After inputing these many hours of commuting experience, I’ve come to the conclusion that there are five standard breeds you are guaranteed to see on the wonderful Ferry of Staten Island:
1. The Tourist
This breed can usually be identified by the massive camera held up to his or her face. They are most often seen during the spring to late summer months when they flock in particularly large numbers. Be on your toes during tourist season, you never know when you might get in their way as they stampede to and from the docks.
2. The Crazed Staten Island Mom
This breed is often heard before it is seen. She can be found screeching at her cubs as they jump all over her, run throughout the main deck, and beg her to buy them soft pretzels from the ferry concession.
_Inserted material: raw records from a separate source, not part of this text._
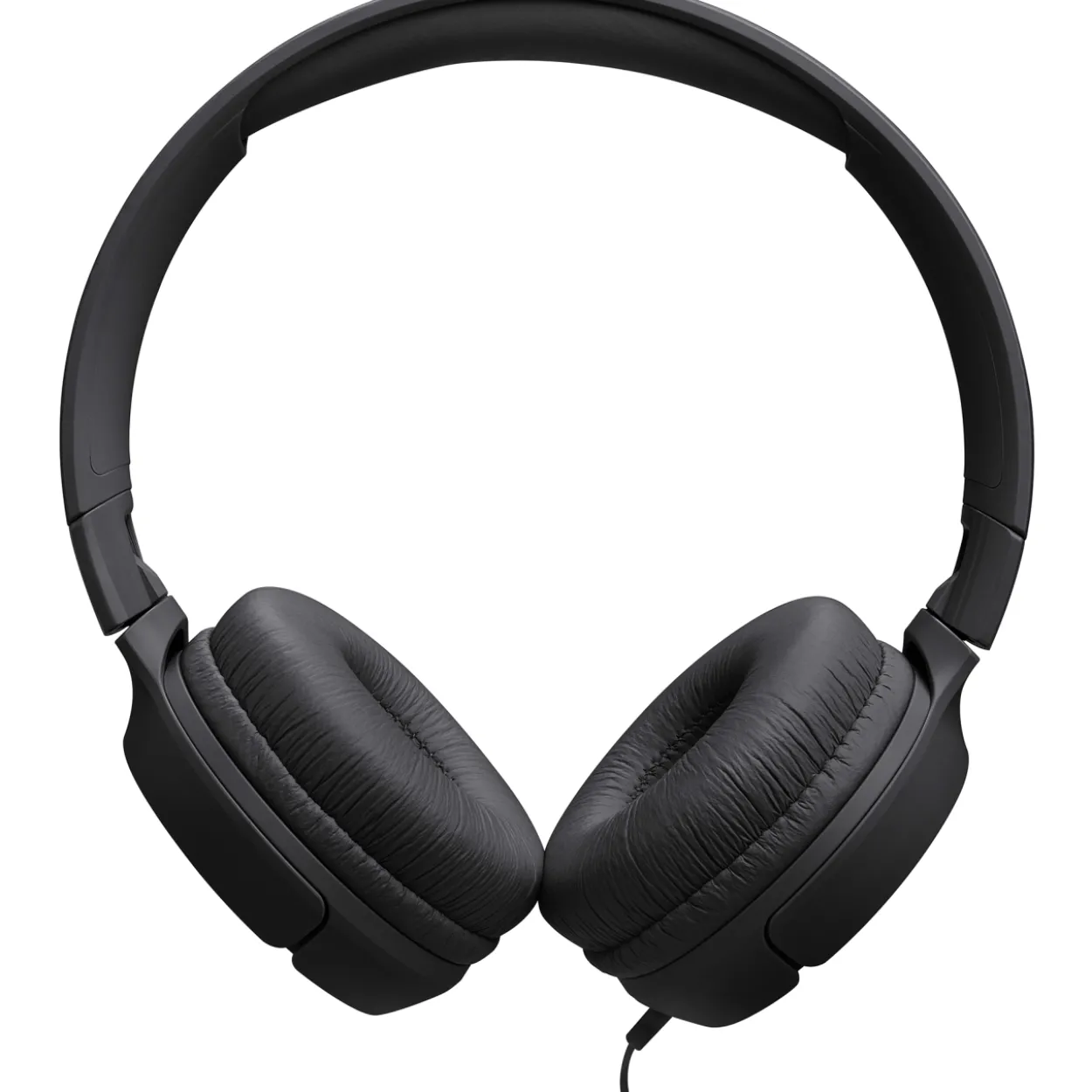 Sankakuulokkeet JBL Tune 520C USB-C, musta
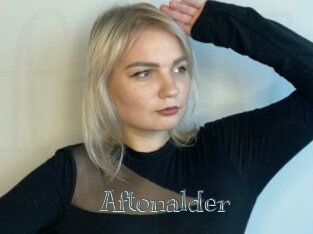 Aftonalder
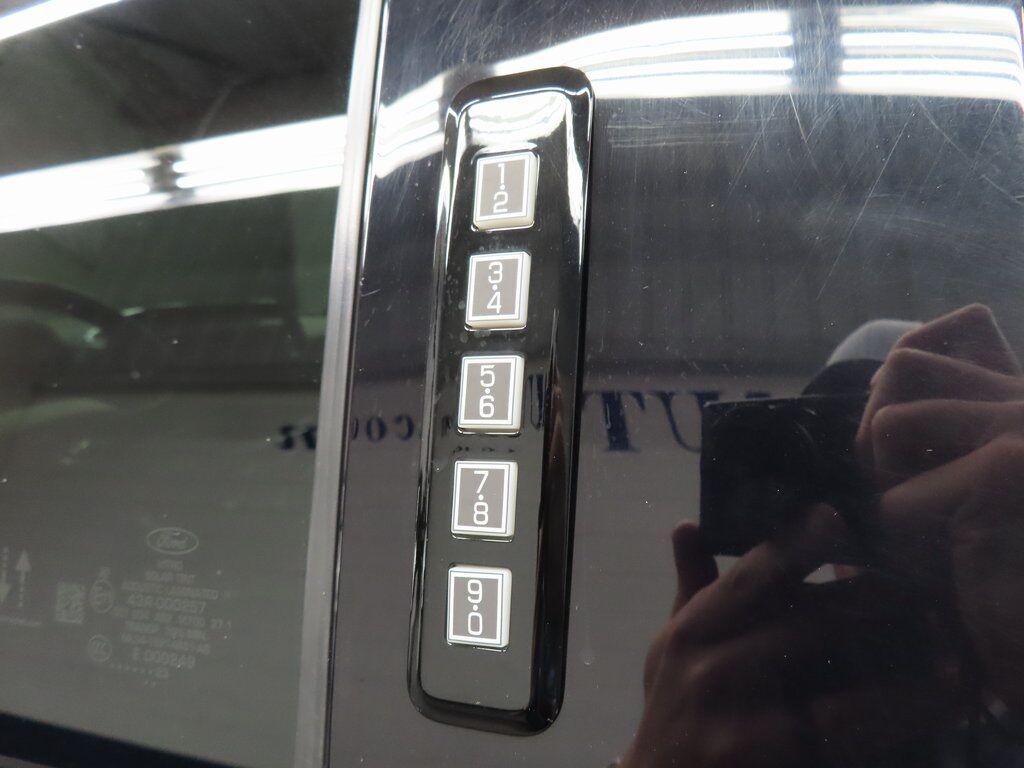 2023 Ford F-150 4x4 SuperCrew Tremor Fond du Lac WI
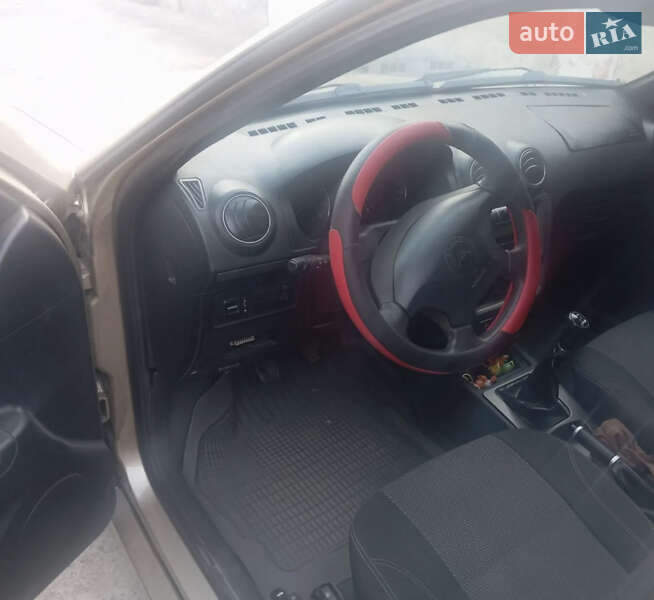 Седан Geely CK-2 2011 в Одессе фото 6 Седан Geely CK-2 2011 в Одессе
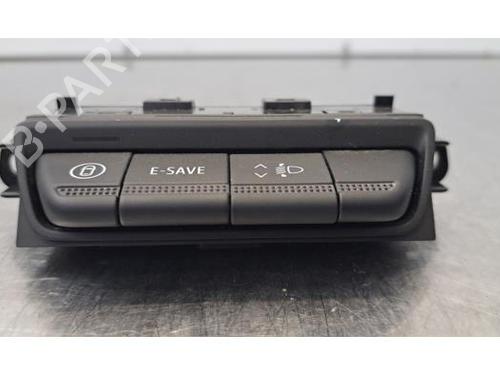 Switch RENAULT CAPTUR II (HF_) Blue dCi 95 (HFAF) | BP39453142I30 - Image 2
She can be easily identified by her exhaustion, frustration, and hoarse voice.
3. The Workaholic
Briefcase in one hand and Wall Street Journal coupled with Blackberry in the other. These kinds are rarely seen unless it’s rush hour. Most often found on the lower, “quiet deck”. Constantly on their phones reading emails, answering phone calls, or checking market changes. Warning: DO NOT APPROACH. They are in the zone 24/7.
4. Loud Music Guy
Now, here is something I will never understand. Headphones. Head-phones. Phones that are meant for your head. Yours, not mine! So, I would like to think that I should not be able to hear your music while it is playing on YOUR headphones while the ferry boat motor is roaring. Alas, this is not the case. Perhaps I’m not adventurous enough with my music tastes, but I’m perfectly content listening to my own music. I really don’t want to hear yours as well. Needless to say, this is a subject that really irks me, so I’ll move on before I spend anymore time on this noise pollution problem.
5. The Wagner Student
It’s always nice to see a friendly face aboard the ferry. It might be a business student heading to an internship, a group of friends off to dinner and a Broadway show, or depending on the season, a Knicks, Yankees or Mets Game. My advice for when you see them: latch on and make a friend. It’s better than sitting next to Loud Music Guy or the creepy man with four teeth.
So there it is, my friend. I urge you to take a trip aboard the ferry and see for yourself. It may not be a luxury cruise ship, but it certainly gets the job done. After all, it is free and the views ain't too shabby. Make sure to keep an eye out for the Statue of Liberty and the awesome skyline leaving the Manhattan side. For those, I am grateful to live on the beautiful Island of Staten any day of the week. : )
**Sidenote, I’m actually writing this blog as I’m on the ferry coming back from an audition. All the breeds have been noted and accounted for.